We then tried the iPod app and that worked okay but was there was a bit of a delay, so we decided to try a fancy webcam - the Logiteh C920 that my wife uses for Webex, hoping it would give us a the nice crisp picture, but be more portable than the DSLR and not have the lag of the iPod App.
I immediately noticed some horizontal shadows scrolling down the screen. I’ve tried several setting but don’t seem to be able to get rid of them. I’m not sure what I should be changing? Is this to do with the lights, software config, or the position of the lights and webcam.
I’ve posted a couple of second clip on youtube to demonstrate. The clip also shows the setup -
Any pointers would be appreciated.
2008 15" Macbook Pro, 1440 x 900 native screen resolution
Webcam Settings App
Logitec C920 webcam
Lloytron L855BH Studio Poise Halogen Hobby/Desk Lamps -
My guess is that your lighting is interfering with the frame rate of the Logitec webcam.

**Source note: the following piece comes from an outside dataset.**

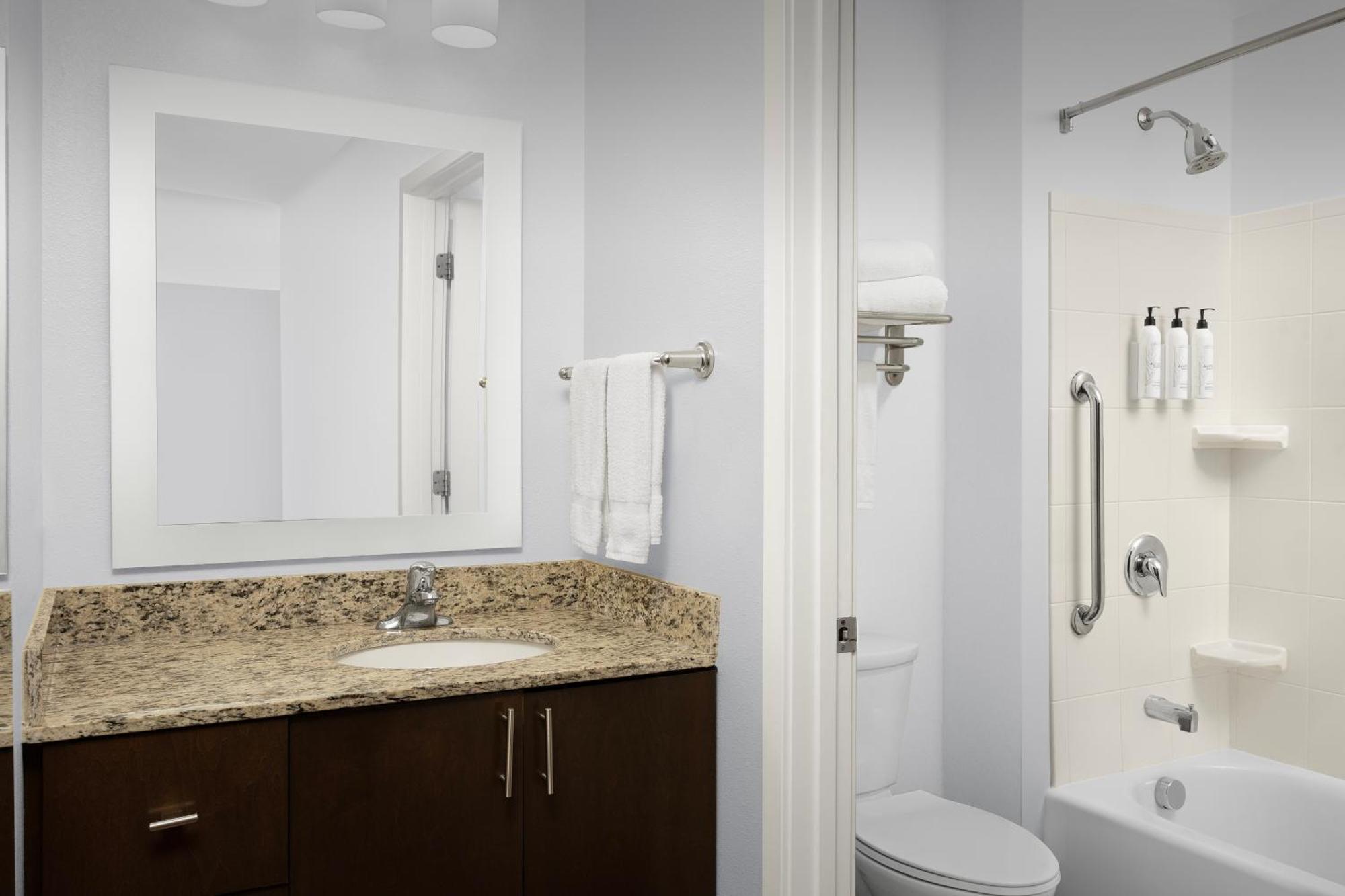 Towneplace Suites By Marriott Goldsboro Ngoại thất bức ảnh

Maybe your are using LEDs as bulbs, they get switched on and of very fast, or halogen bulbs, they also tend to flicker at the frequency of your power line (e.g 50hz). Your eye won’t notice the flickering but web cam captures the frames at a similar speed and therefor “sees” the switch on and offs of the lighting in a single frame. I am sure you won’t see the flickering anymore if you try to capture with pure sun light. My suggestion is to change the bulbs in the lighting to something with a tungsten filament.
I think Achim is right, that’s what it looks like to me too. I didn’t realise LED bulbs flicker (unless you’re using pulse width modulation to dim them as per RGB LEDs to make all the colours). I’m wondering if bouncing and filter the light through scrim etc would be enough to mix up the light wave phases so that there is always some light ‘on’ as it were every time the camera shutter is open?
Thinking some more about it, a phase inverter could be a good idea when running lamps that are subject to flickering (incandescent and arc lamps stay ‘warm’, not sure about fluoros some flicker for sure but some photography/video fluoro lamp sets with multiple elements might compensate for for phases not sure)
I am not sure if all fluorescent lamps help to avoid this problem. Even in the wikipedia there is a section about this flickering problem relating to video graphing: http://en.wikipedia.org/wiki/Fluorescent_lamp#Flicker_problems
In my experience fluorescent lamps where always the cause of flickering. So I avoided them where ever I can. Things may have changed here I have to admit. Also the cameras I used where able to control the shutter speed and therefore you can bring it to a lower speed than the flickering which then average the lighting just like your eyes does.